Math Education Specialist
Jennifer develops and implements the Algebra21 and Geometry21 curriculum for the Center’s Academy of Digital Arts and Sciences. She also works with her Center colleagues to plan experiential education programs for the Academy students and produces photo-related content for the Center.
Background
As a former classroom teacher with 14 years’ experience teaching courses from Pre-Algebra to Calculus and Pre-Engineering, Jennifer has worked in both public and independent middle and high schools in Central Connecticut. She studied Math Education at UConn and CCSU and continues to learn something new every day.
Philosophy
Jennifer loves math, really.
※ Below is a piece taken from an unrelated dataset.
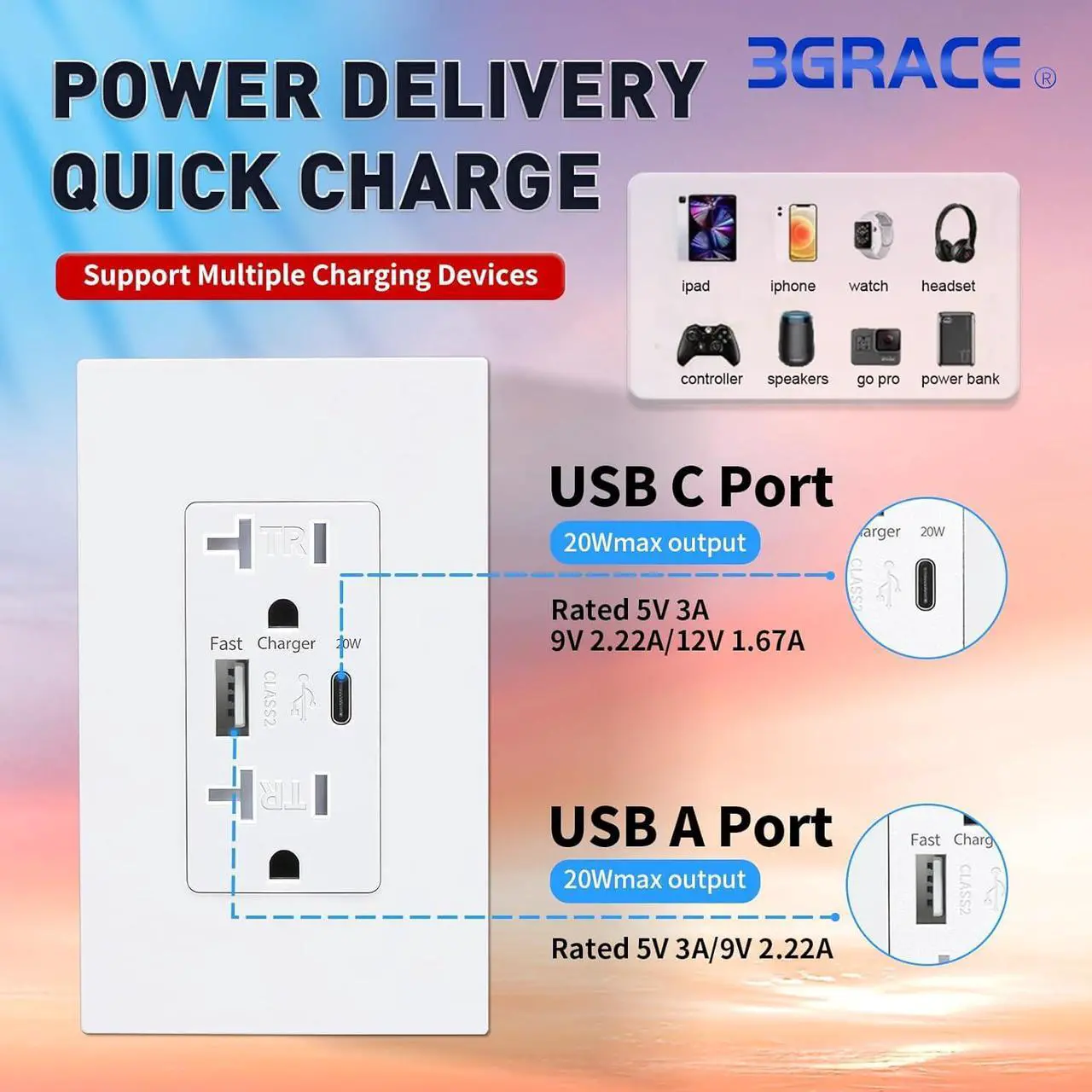 Alt view image 2 of 7 - USB Wall Outlet, USB Charger Outlets Receptacles with 4.2A USB C Ports, 20 Amp Duplex Tamper Resistant Receptacle Plug with USB Electrical Outlet, Wall Plate Included, ETL ListedWhite, 6 Pack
She wants her students to love math—or at least appreciate it. That can’t happen if they don’t see it as relevant, interesting, or cool. Jen thinks school mathematics instruction needs a whole-house makeover. Students should be taught how to use the tools of the trade to handle tedious computation; then they can be asked to solve some real problems, not just contrived exercises. Technology will allow that to happen if we learn how to let it.
Professional Highlight
Jennifer attended Conrad Wolfram’s computerbasedmath.org summit in London last fall. There were 150 educators from 25 countries gathered to begin discussing the changes mentioned above—no easy answers, as you can imagine. She chose a hotel from the 1,600 hotels in London, in part because its website said that it was designed in keeping with the Golden Ratio. When she got there, the staff admitted that they did not really understand it, so she tried to explain it simply. When Jen got home, she wrote a lesson and sent it to them—now it hangs in their lobby!
Other Activities
Jennifer recently created a new kind of protractor, one that measures in radians, not degrees. She has a Trademark and a Copyright and has begun producing her ProRadian! As her family’s archivist, Jennifer scans, sorts, catalogs, organizes, and publishes all of her family’s photos. She loves the moment when she finds a hidden treasure in a long-forgotten box, like the photo of her great grandfather that her mom had never seen, or one of her teaching, back in the day.